Coming from a church that burned Jews and homosexuals, the lent thing was a relatively good idea in my opinion. I'm not much of a Catholic nowadays and I'm only a nominal Christian. But I think that an institutionalized period of introspection, which Lent is meant to be, is a wholesome idea.
It's good to really stop and think about my imperfections and the work or self control or self mortification that I need to do to make myself a better person. How can I make myself be less self aggrandizing? Who am I hurting, why, and how do I cure myself of that sickness? How can I attain the humility to forget about myself and seek the greater happiness and well being of the world at large.

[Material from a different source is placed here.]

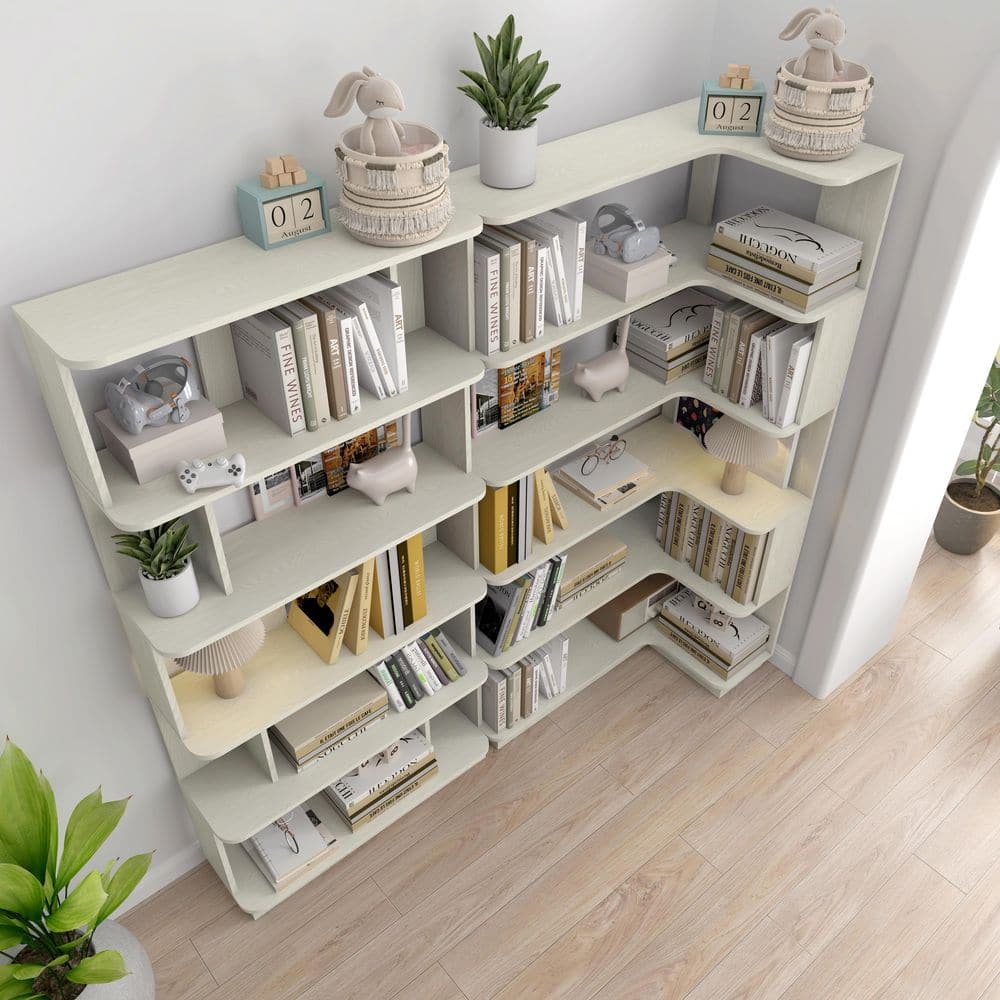 Odonna 64.56 in. Tall 2-Piece White Wood 5-Tier Freestanding L-Shaped Corner Bookcase For Living Room price history on PriceWatchPro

I read Jack Rowan's 'Story of Tim' recently. It purported to show the benefits of suffering from an S&M point of view. Judaism has it's day of atonement. The need to stop and reflect on one's actions and the impact they have on the world is not just a Catholic or even a religious thing. It's just good living.
So I'd like to start this Lent with apologies and resolutions to search out the instances and the means whereby I bring unpleasantness
to the lives of others and to rectify that.
The path to heaven doesn't lie in magic or 'imaginary friends' or in repetitive rubric. I think a lot of that is akin to Santa Claus. It's to get little children introduced in an idea (charity). As an adult I need to recognize that introspection and monitoring and controlling my actions are germane and necessary to the greater enjoyment of my own life and to the greater good of the world in which I live.
I am not always right. I am not always the best and I do not always do my best. I lack faith in others and hold them back by that, since faith is a creative force. Lack of faith in others also makes my own life smaller because it stymies opportunities for human closeness and sharing.
So lent is assuring myself that there is indeed a heaven, and cautioning myself that it is my job to help build this heaven. Because if my joy is to live for the welfare of others, and that is everyone else's joy too, then we would have a real and genuine heaven right here where we are. We would have a world of peace love and joy.
That's what Lent has become for me today. It used to be a religious thing. Now it's grown into a spiritual thing. It reminds me of the ever existing opportunity to reinvent myself. It reminds me of the fantastic opportunity I have been given to make the world a better place.
Max
Behold, how good and how pleasant it is
For brothers to dwell together in unity!